[Provided data Boundary: Start]

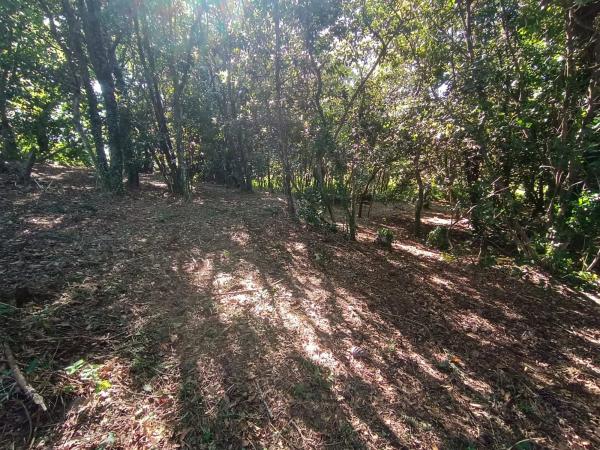 Terreno en camino Seixiños, 12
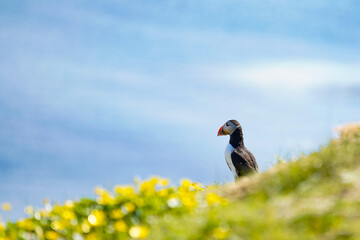 Atlantic puffin on the isle of Staffa in Scotland. The puffins breed on Staffa, a small island of the coast of Mull.	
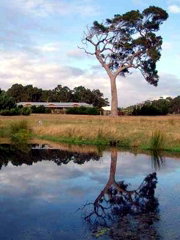 Craythorne Country House Metricup - Sydney Tourism 4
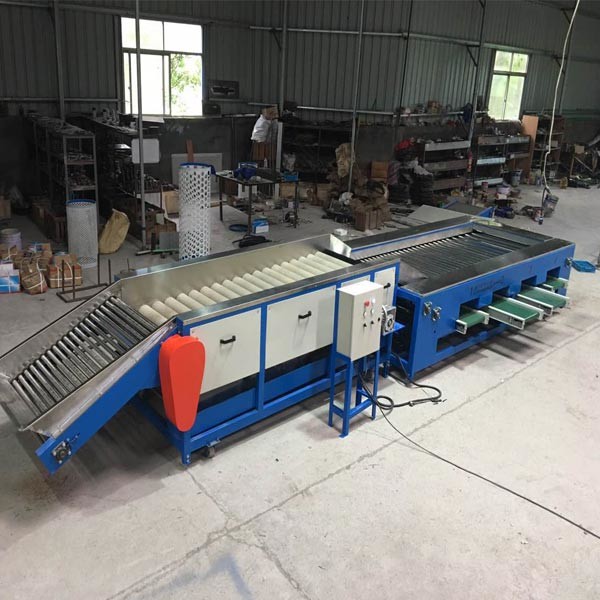 Peach Fruit Grading Machine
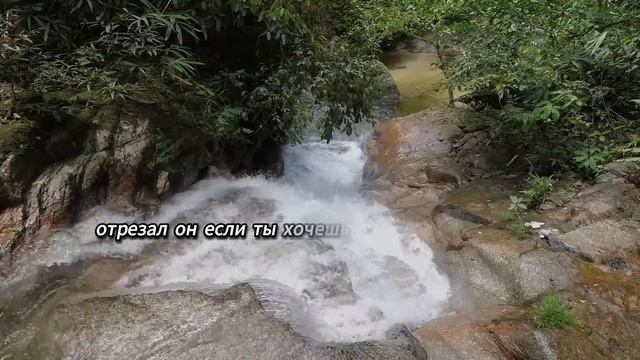 ЖЕНА ИЗМЕНИЛА МУЖУ С ЛЮБОВНИКОМ НА КОРПОРАТИВЕ, НО МУЖ РАЗРУШИЛ ЕЁ ПЛАНЫ ПОЕХАТЬ В ГОСТИНИЦУ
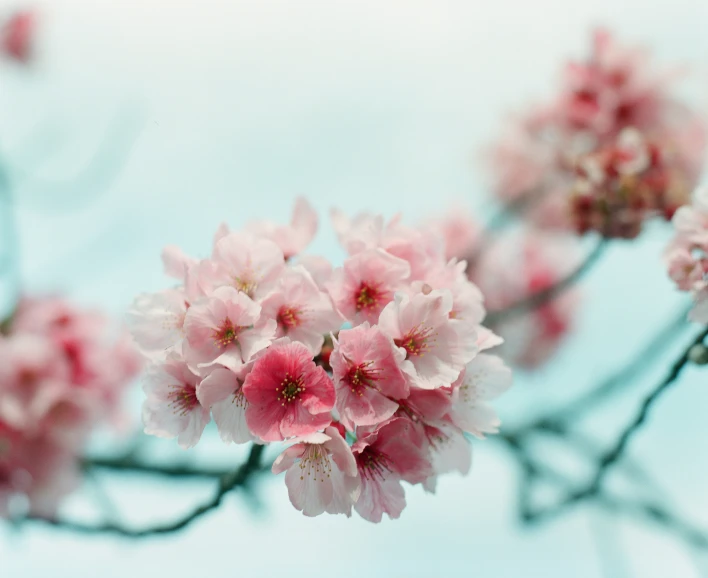 flowers on the nch of a tree with pink blossoms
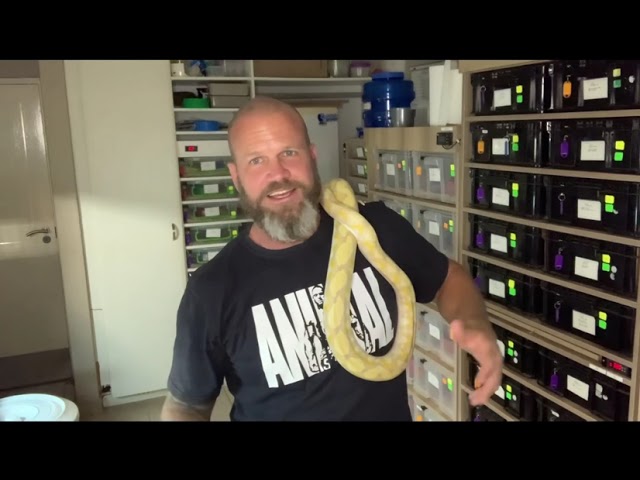 Reticulated python! Could this be the best advanced hobbyists/breeder pet snake? You decide!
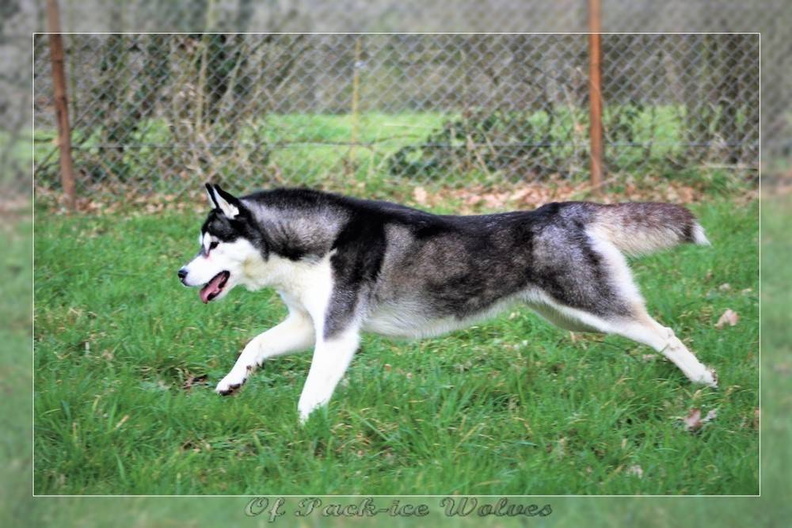 husky-siberien-noir-et-blanc-110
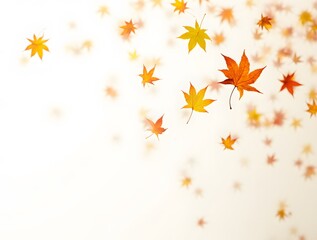 Autumn leaves falling isolated on white background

[Provided data Boundary: End]

What to do: Please return, without any change, the lines from the line containing "Craythorne Country House" through the last line of the entries, dropping the pictures.

Solution for this exercise:
 Craythorne Country House Metricup - Sydney Tourism 4
 Peach Fruit Grading Machine
 ЖЕНА ИЗМЕНИЛА МУЖУ С ЛЮБОВНИКОМ НА КОРПОРАТИВЕ, НО МУЖ РАЗРУШИЛ ЕЁ ПЛАНЫ ПОЕХАТЬ В ГОСТИНИЦУ
 flowers on the nch of a tree with pink blossoms
 Reticulated python! Could this be the best advanced hobbyists/breeder pet snake? You decide!
 husky-siberien-noir-et-blanc-110
 Autumn leaves falling isolated on white background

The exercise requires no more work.